Content starts
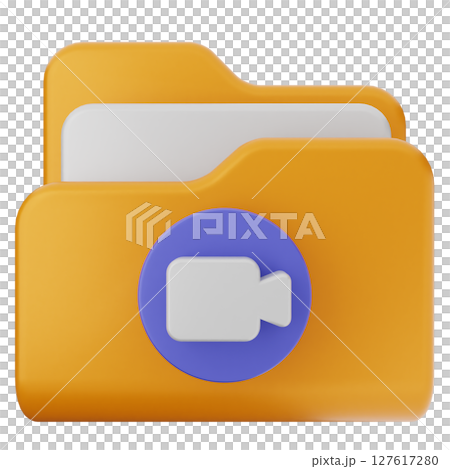 3d folder file document video 127617280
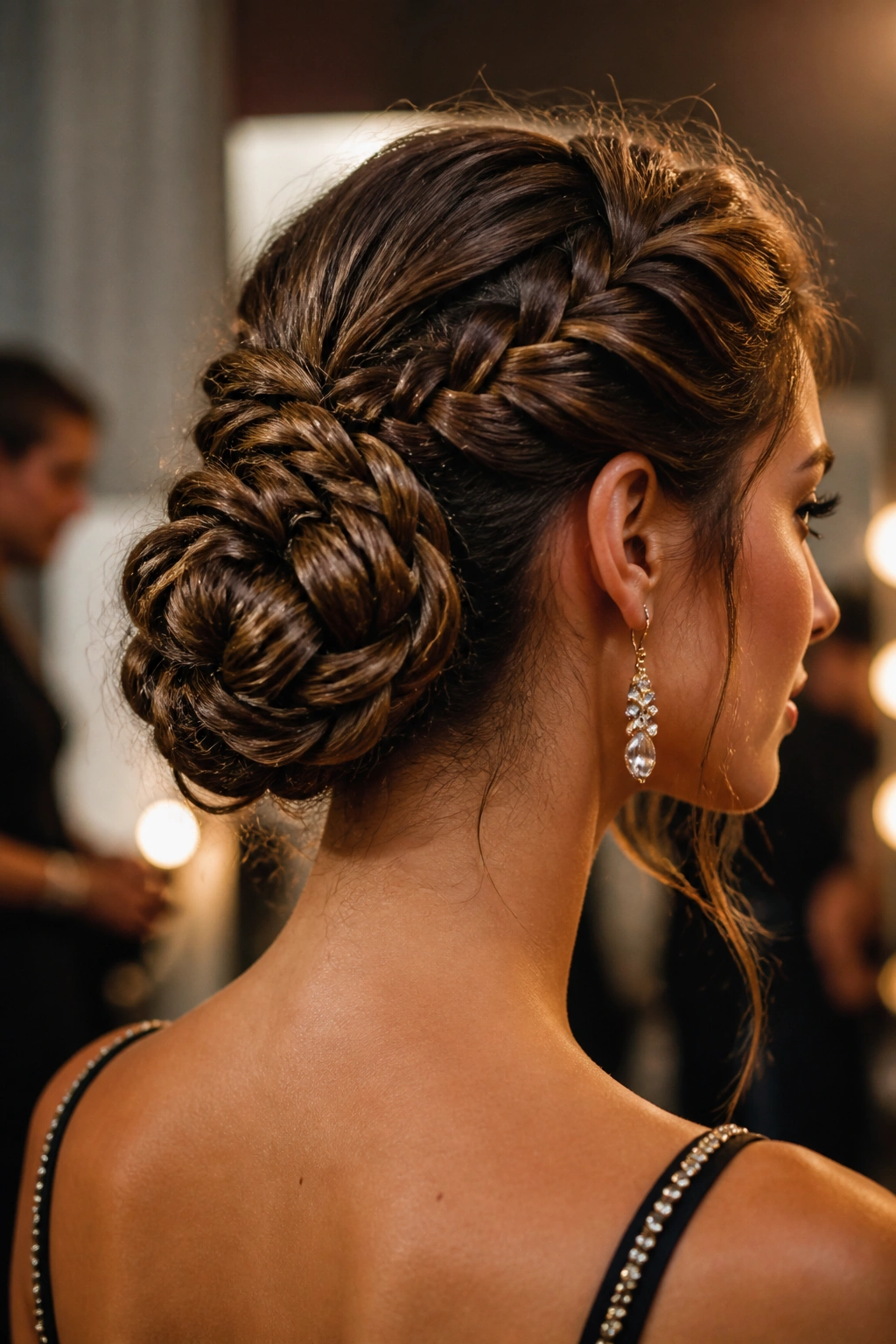 Knotted braid bun close-up on real head with knotted texture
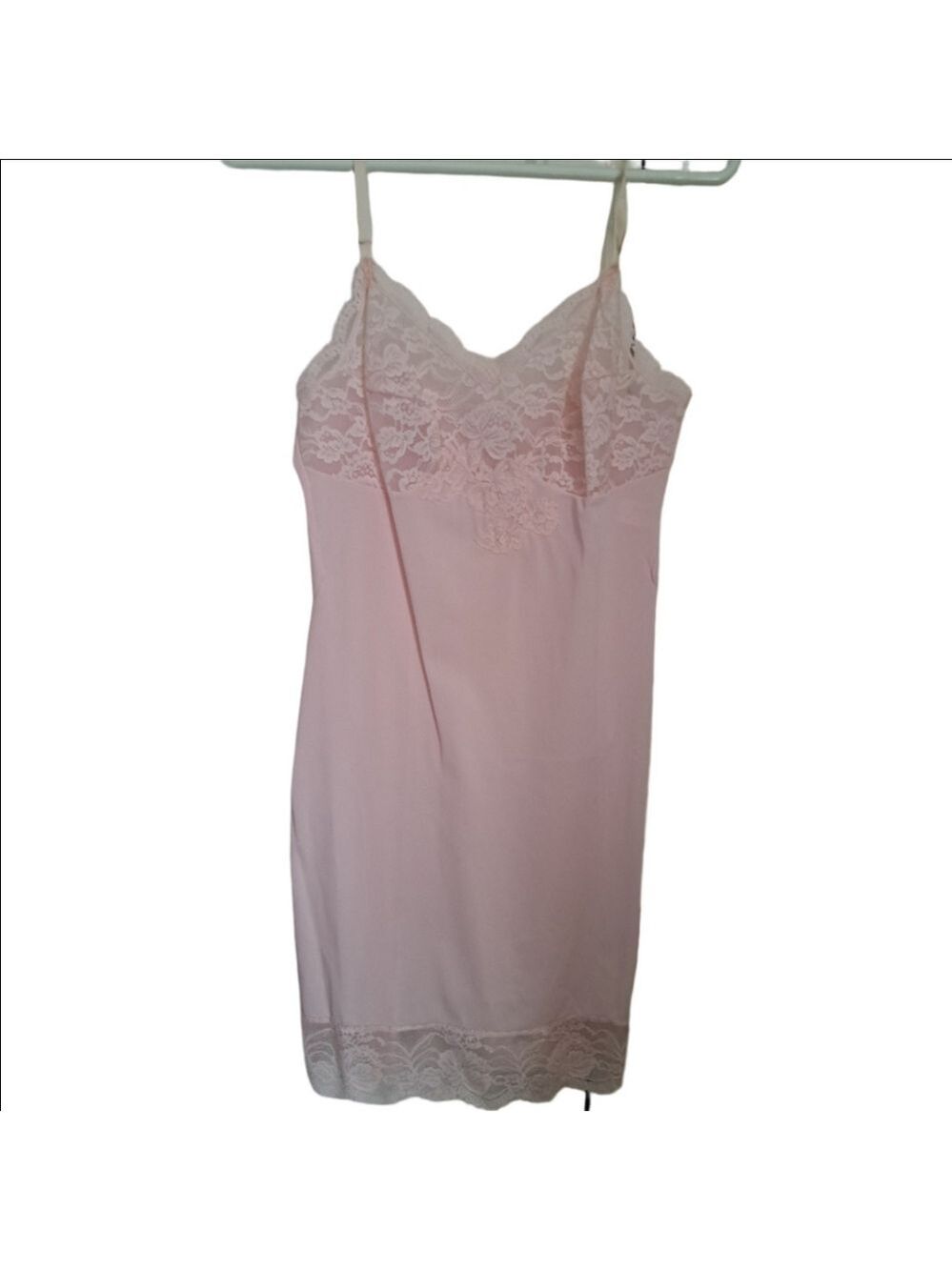 VTG Sears Soft Pink Slip Boudoir Lingerie Crisp Floral Lace 36 Short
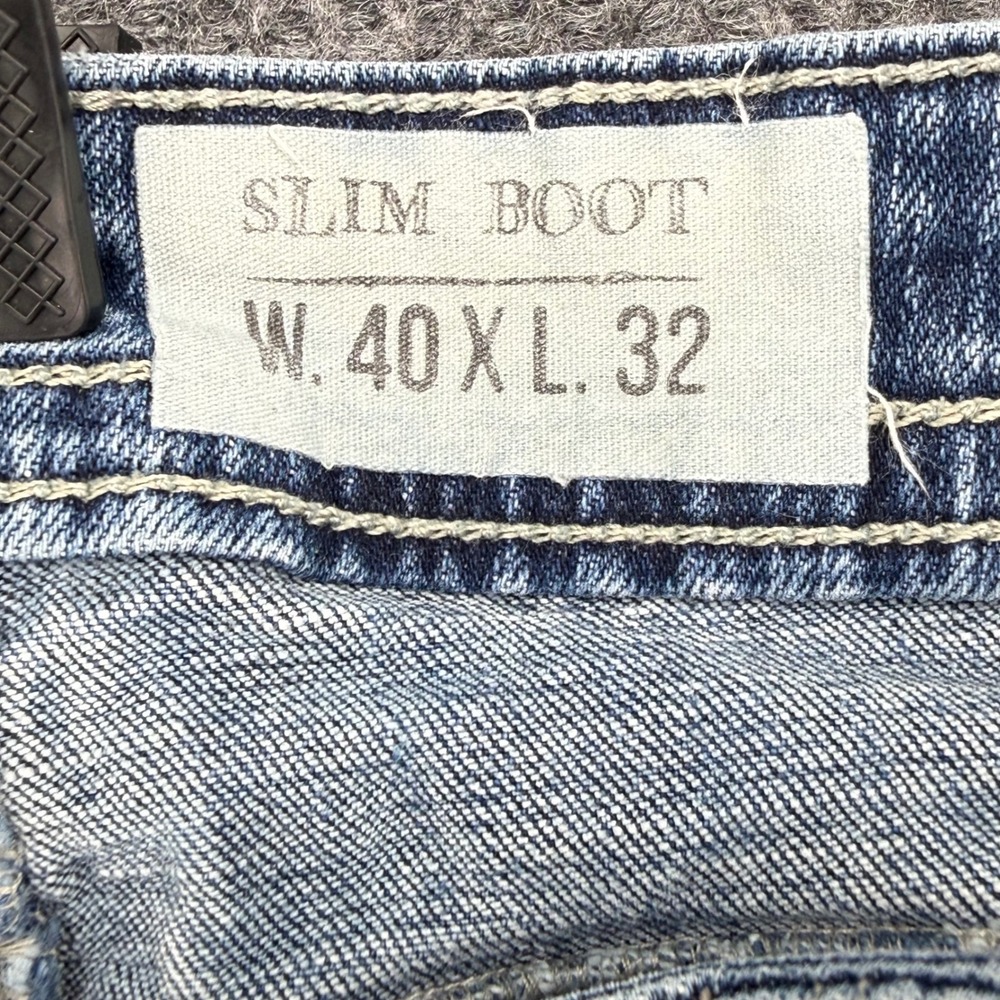 TK Axel Slim Boot Jeans Mens 40x32 Blue Excellent Embroidered Flap Pocket - Picture 3 of 10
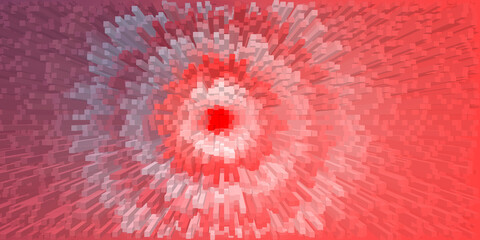 A 3D abstract explosion of rectangular blocks radiates from a red center, forming a dynamic spiral pattern with red and blue tones, creating a sense of depth and movement.

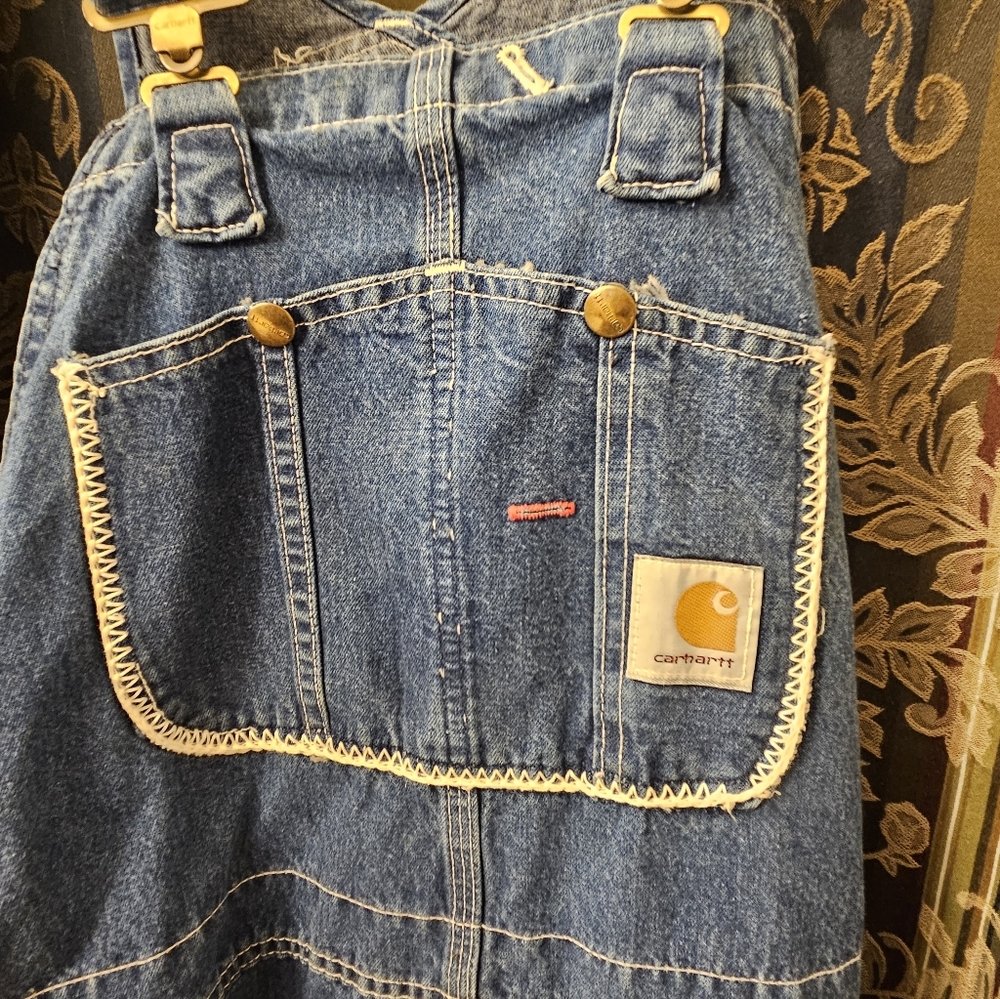 Free People Carhartt Blue Denim Overall Dress with Cream Lace, Handmade - Picture 8 of 8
Content ends
### Action item
From the line that contains "TK Axel Slim" to the last line of the records above, copy each line exactly, both ends included, and leave the pictures out.

### Reply to the exercise
 TK Axel Slim Boot Jeans Mens 40x32 Blue Excellent Embroidered Flap Pocket - Picture 3 of 10
 A 3D abstract explosion of rectangular blocks radiates from a red center, forming a dynamic spiral pattern with red and blue tones, creating a sense of depth and movement.

 Free People Carhartt Blue Denim Overall Dress with Cream Lace, Handmade - Picture 8 of 8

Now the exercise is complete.